Finding the dimensions of the data frame

In [194]:
# Getting the number of instances and features
print(df.shape)

# Getting the dimensions of the data frame
print(df.ndim)

(398, 9)
2


In [195]:
df.head(10)

Unnamed: 0,MPG,Cylinders,Displacement,...,Model Year,Origin,Car Name
170,23.0,4,140.0,...,75,1,pontiac astro
37,18.0,6,232.0,...,71,1,amc matador
...,...,...,...,...,...,...,...
211,16.5,6,168.0,...,76,2,mercedes-benz 280s
289,16.9,8,350.0,...,79,1,buick estate wagon (sw)


In [196]:
print('All done')

All done


---


# **Practice Exercises (No Solutions)**

These are short practice tasks to help you get comfortable with **pandas DataFrames**. Try to complete each code cell.

## Practice 1 — Load & inspect

Load the dataset into a DataFrame named `df_practice`, then:
- print the shape
- display the first 5 rows
- show summary statistics for numeric columns

In [197]:
# TODO: Load the CSV into df_practice
# - Use the same URL used earlier in the notebook (auto-mpg.csv)
# - Tip: pd.read_csv(...)

import pandas as pd

file_path = "https://data.heatonresearch.com/data/t81-558/auto-mpg.csv"

# YOUR CODE HERE
# df_practice = ...

# TODO: Inspect
# print(df_practice.shape)
# display(df_practice.head())
# display(df_practice.describe())


## Practice 2 — Missing values

Using `df_practice`:
1. Show the number of missing values per column.
2. Drop rows where `horsepower` is missing.
3. Fill remaining numeric missing values with the **median** of each column.

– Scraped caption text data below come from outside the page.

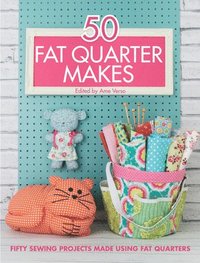 bokomslag 50 Fat Quarter Makes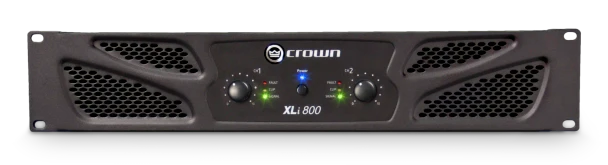 Crown XLi 800 2 x 300W Power Amplifier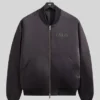 Kith For The Matrix Reverible Black Bomber Jacket For Men and Women 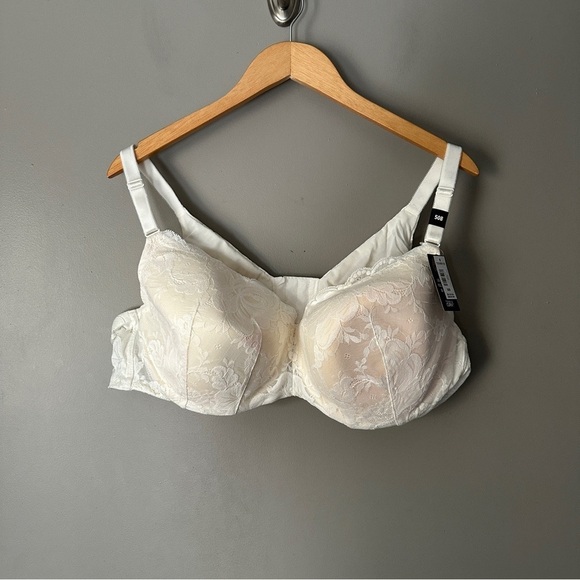 NWT Torrid curve lightly lined balconette lace bra - Picture 1 of 11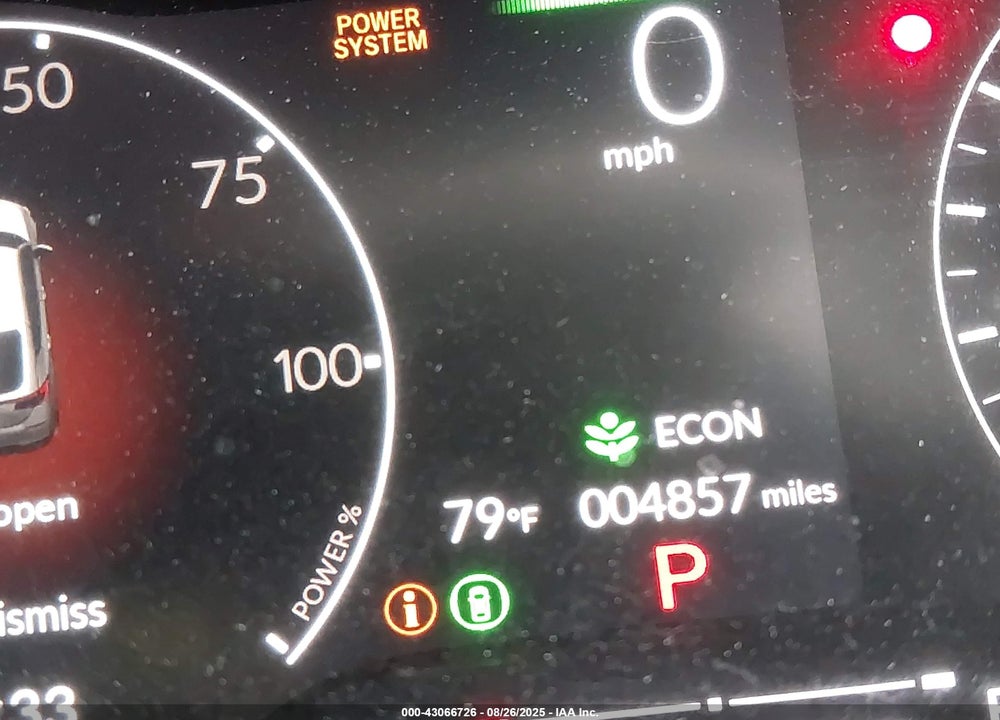 2025 HONDA CIVIC HYBRID VIN: 19XFL4H81SE016897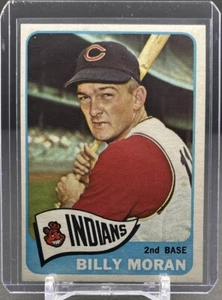 1965 Topps MLB Baseball #562 Billy Moran Cleveland Indians EX - Bild 1 von 2
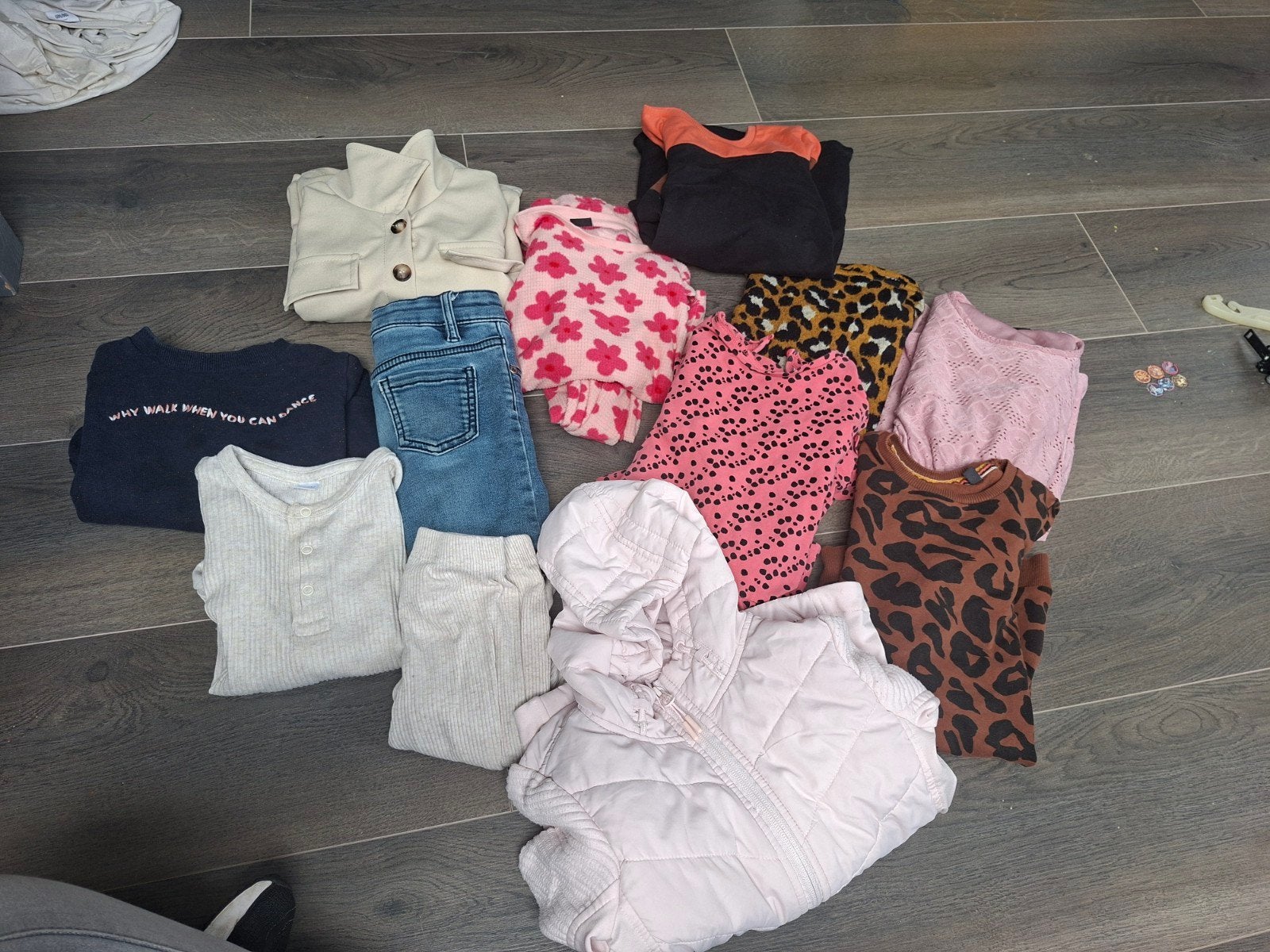 pakket meisjeskleding, Ophalen of Verzenden, Zo goed als nieuw, Maat 98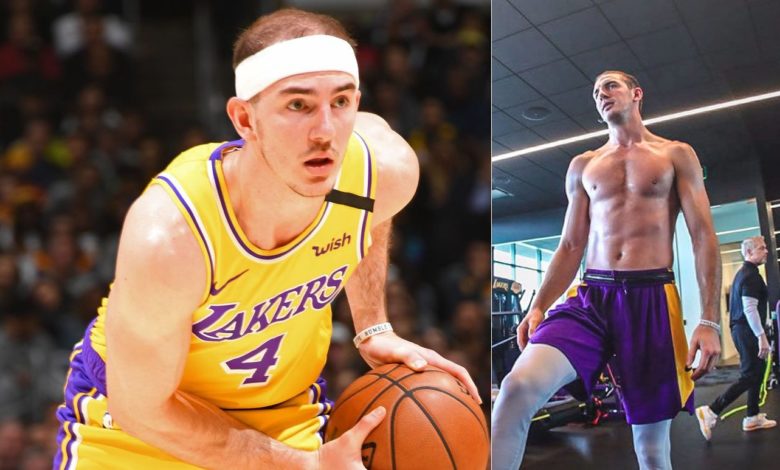 Alex Caruso Gets Brutally Honest About His Lakers Future (Video)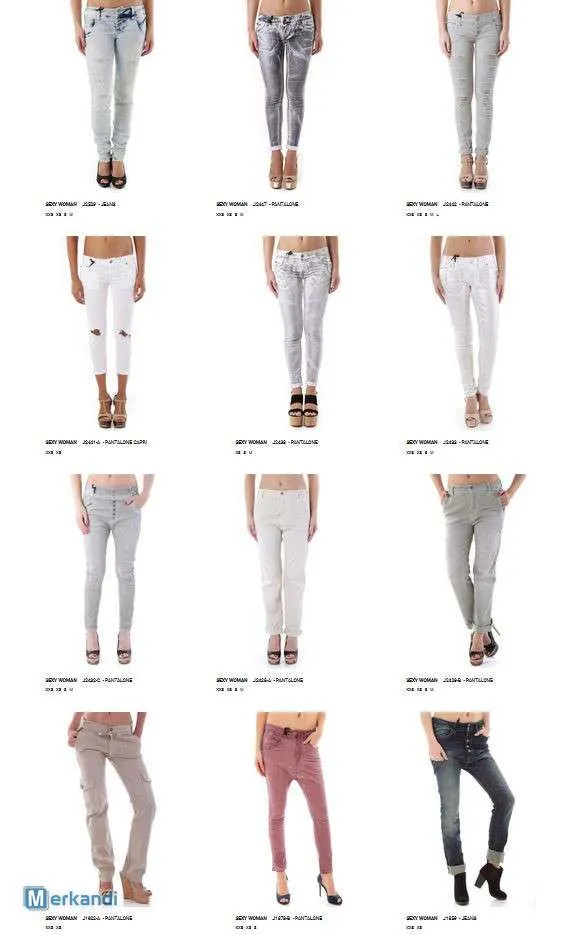 STOCK TOTAL LOOK ROPA PARA MUJER SEXY WOMAN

Store the cleaned result in `df_clean`.

In [198]:
# YOUR CODE HERE
# 1) missing per column
# 2) drop missing horsepower
# 3) fill remaining numeric NaNs with median

# df_clean = ...


## Practice 3 — Feature engineering & sorting

Using `df_clean`:
- Create a new column `power_to_weight = horsepower / weight`
- Sort descending by `power_to_weight`
- Show the top 10 rows with columns: `['name','horsepower','weight','power_to_weight','mpg']`

In [199]:
# YOUR CODE HERE
# df_feat = ...